TASK DIRECTIONS ->
Starting at the line that contains "新潟風俗エステSOARIS-ソアリス-(ソアリス) かお", output each line exactly as written through the end of the listing below, but leave out the pictures.
Segment Start: RECORDED INFORMATION
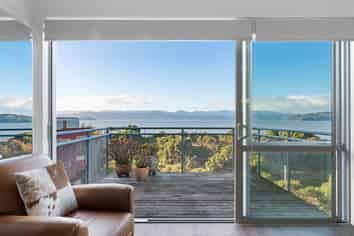 23/2 Onslow Road, Khandallah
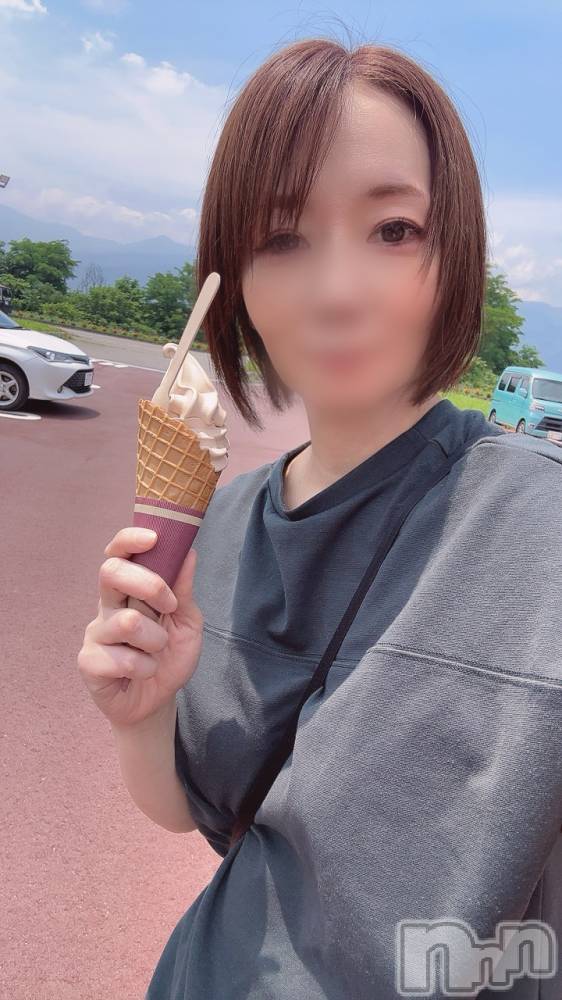 新潟風俗エステSOARIS-ソアリス-(ソアリス) かおり(35)の7月13日写メブログ「素晴らしいソフトクリームでした🍦🥄」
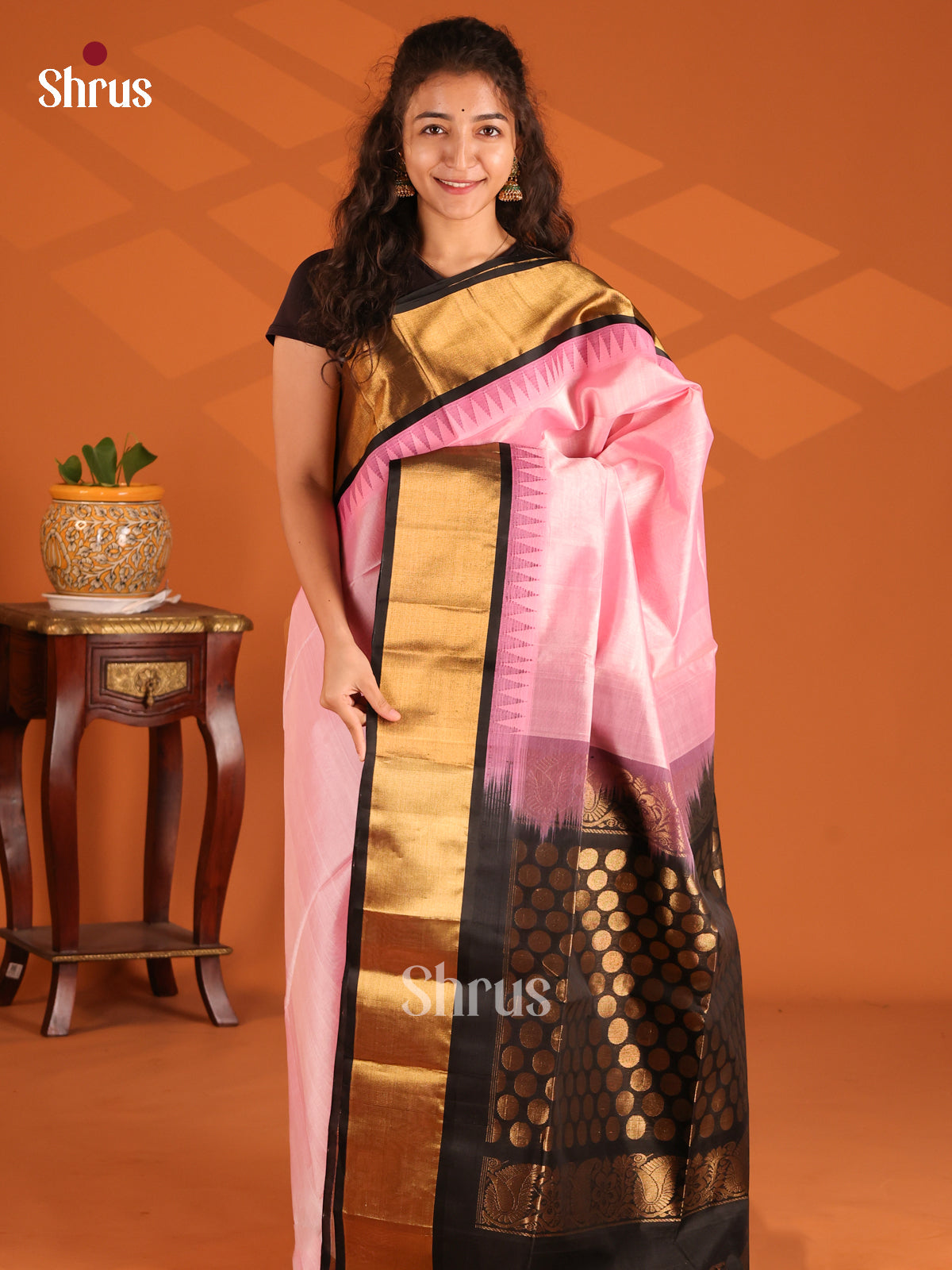 Vibrant Pink Silk Cotton Saree with black kaddi zari border - Shop on Shrus.com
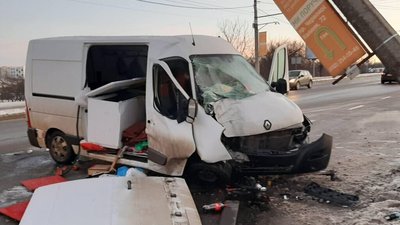 На Сихові мікроавтобус розвалив електроопору контактної мережі (ФОТО)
Segment End: RECORDED INFORMATION
SOLUTION FOR THIS TASK ->
 新潟風俗エステSOARIS-ソアリス-(ソアリス) かおり(35)の7月13日写メブログ「素晴らしいソフトクリームでした🍦🥄」
 Vibrant Pink Silk Cotton Saree with black kaddi zari border - Shop on Shrus.com
 На Сихові мікроавтобус розвалив електроопору контактної мережі (ФОТО)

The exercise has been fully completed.